Data extracts ▸
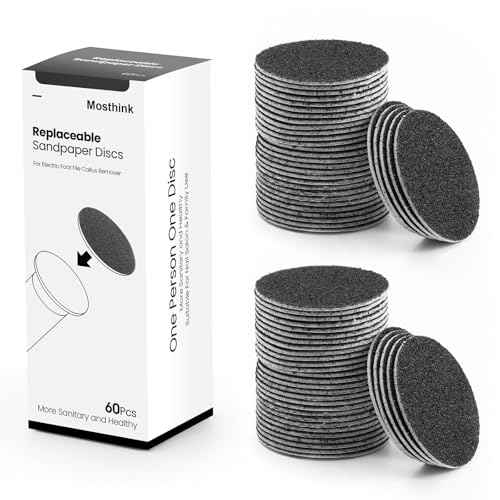 120pcs Replacement Sandpaper Refill Discs for Electric Foot File Callus Remover Tool for Men Women Dead Cracked Hard Skin (60 Grit+80 Grit)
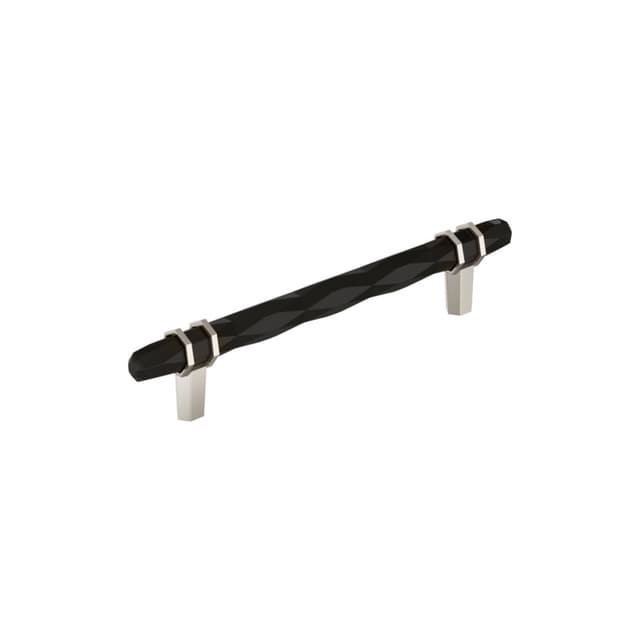 Amerock London Series 6-5/16 in (160 mm) Center to Center Black Bronze/Polished Nickel Pull, BP36650BBRPN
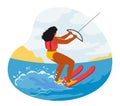 Kite Surfer Female Character Glides Over Waves, Propelled By Wind And Kite. Rider Executes Tricks And Maneuvers Royalty Free Stock Photo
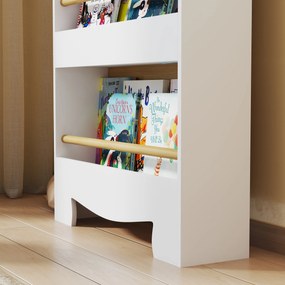 AIYAPLAY Bibliotecă pentru Copii cu 3 Rafturi în Formă de Ursuleț, cu Bariere Frontale, 55x15x110 cm, Culoare Lemn | Aosom Romania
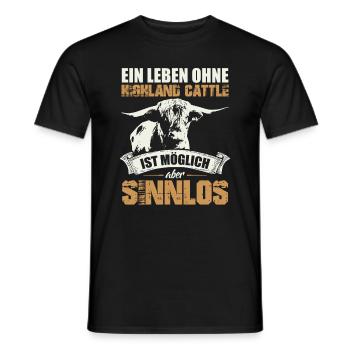 Hochlandrind Hochland Rind Highland Cattle Kuh - Männer T-Shirt - Schwarz - Vorne - AI Model Male 178 light (178cm)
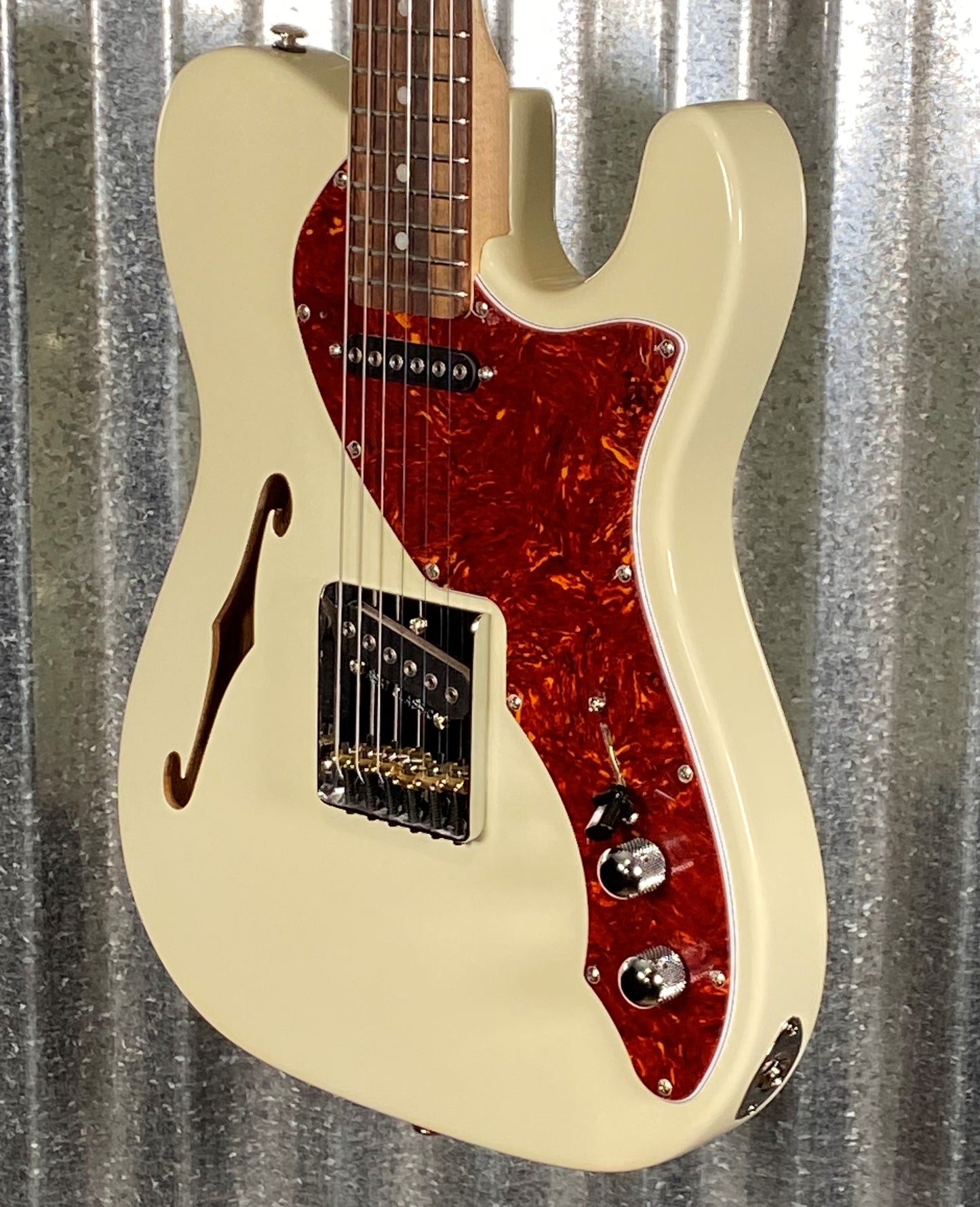 G&L USA 2023 Custom ASAT Classic Thinline Semi Hollow Vintage White Guitar & Bag #1012 Used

Problem requirements ▸
The lines to write out run from the one containing "AIYAPLAY Bibliotecă pentru" through the final line of the material above, both included; write them out exactly, with no pictures.

Result ▸
 AIYAPLAY Bibliotecă pentru Copii cu 3 Rafturi în Formă de Ursuleț, cu Bariere Frontale, 55x15x110 cm, Culoare Lemn | Aosom Romania
 Hochlandrind Hochland Rind Highland Cattle Kuh - Männer T-Shirt - Schwarz - Vorne - AI Model Male 178 light (178cm)
 G&L USA 2023 Custom ASAT Classic Thinline Semi Hollow Vintage White Guitar & Bag #1012 Used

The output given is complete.